Get it? Slo explosion. Little dad joke there.
But there was this explosion in SLO material with SLO
specific conferences and also Alex Sedalgo's book on implementing slos.
So I got to work creating formulas that can be shared across a large organization,
which would leave little room for creativity and variance because I wanted everyone
on the same page, I wanted to be able to give prescriptive formulas
that could be implemented at broad scale.
So this is what I came up with. The definition
of an SLI is what I use to put examples together.
Now, there's two major SLI opinionations, though the difference between them
is a bit subtle at first glance. The first is from the Google
SRE book, which describes an SLI,
pardon me, as a measurement of system performance. The second,
which I found first in Liz and Seth's video,
describes an SLI as something that delineates good requests from bad requests.
And that second opinion is really one that resonated well with me.
So in know, both opinionations did
service at Google, even though they're
somewhat conflicting. But the second, as I mentioned, is implemented
more broadly by practitioners and vendors that I found.
And I decided to base my example on that second opinionation,
not only because it had wider acceptance because intuitively it made more sense
to me. I spent quite a bit of time dissecting
those examples in the Google SRE book and the SRE workbook,
and they were good.
But I think the evolution of slis
and slos at Google probably bifurcated because they
have a lot of teams there. And that's not a criticism of the book or
the organization. But the definitions that I came across seemed to
be more abstract than what I was looking for. And so here are
three examples of slis for the second SLI opinionation
that I moved forward with. They each consist of three things.
A metric identifier, a metric operator, and a metric value.
This approach is one that is straightforward for a human being to understand,
but also fits easily into most of the open source
and commercial monitoring and observability software out there.
The part of the SLI definition which requires the most consideration is what
that metric value should be. And that's one that is often tuned
or calibrated by an engineering team, either for latency,
most often, sometimes with error
response codes, like a five, xx. That's pretty clear that that's a bad
request, but it's going to be up to engineering teams to determine,
like, is a 404 a bad request, or is
that just clients thinking that they're going to the right place?
Because really, all of this stuff is about feeling customer
pain and wanting to make sure that they have a great experience.

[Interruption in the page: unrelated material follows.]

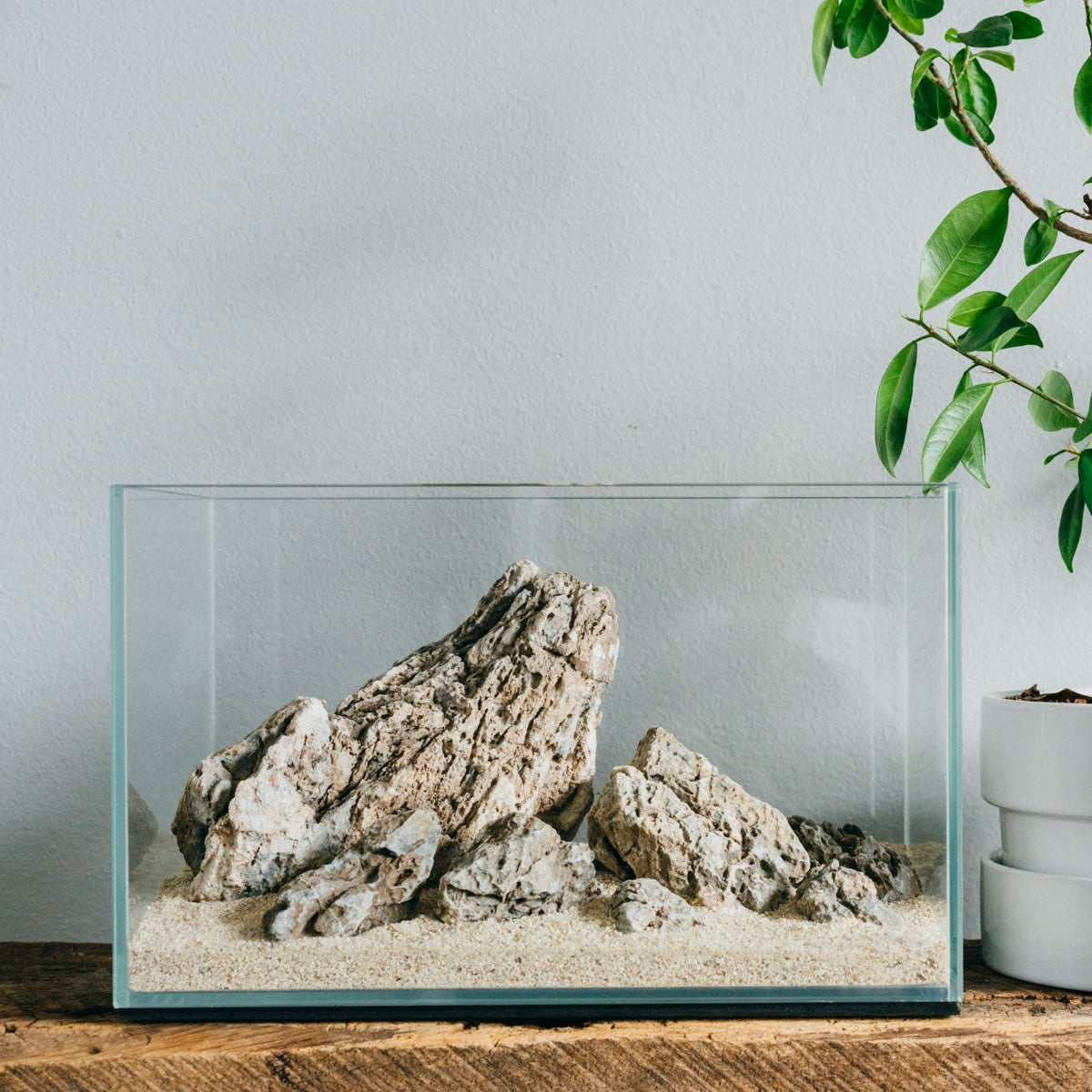 Seiryu Stone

And so I kind of cemented this
example so that I could socialize widely
within the engineering of what an SLI was,
which teams to what's an slO?
And that definition came
down to the number of good requests divided by the number of bad requests
over a time range. And this is often called a
request based slos, where you count up the number of requests and see if
you got 99% of them right over a certain time range.
And I called the
three different components here a little bit different. In the red, we have the
success objective, which is your typical how many nines?
And then we drop the SLI in, which works really well for a lot of
the tooling out there. Then we have a period. And if you don't have a
time period here, you don't really have an slO,
because it's really important to specify this so that
you're evaluating it over something that's meaningful to the customer.
And one question that has come up is, how do I
know how many nines to choose for this success objective? When I was at Zenesk,
we had an engineering vp named Jason Smale, who was very
technical and engineers had him highly regarded.
And so he said, we need to hit three and a half
nines. And so that 99.95%
number became known as Smale's number. And if reliability dipped
below that number, it usually meant that a customer somewhere was feeling pain.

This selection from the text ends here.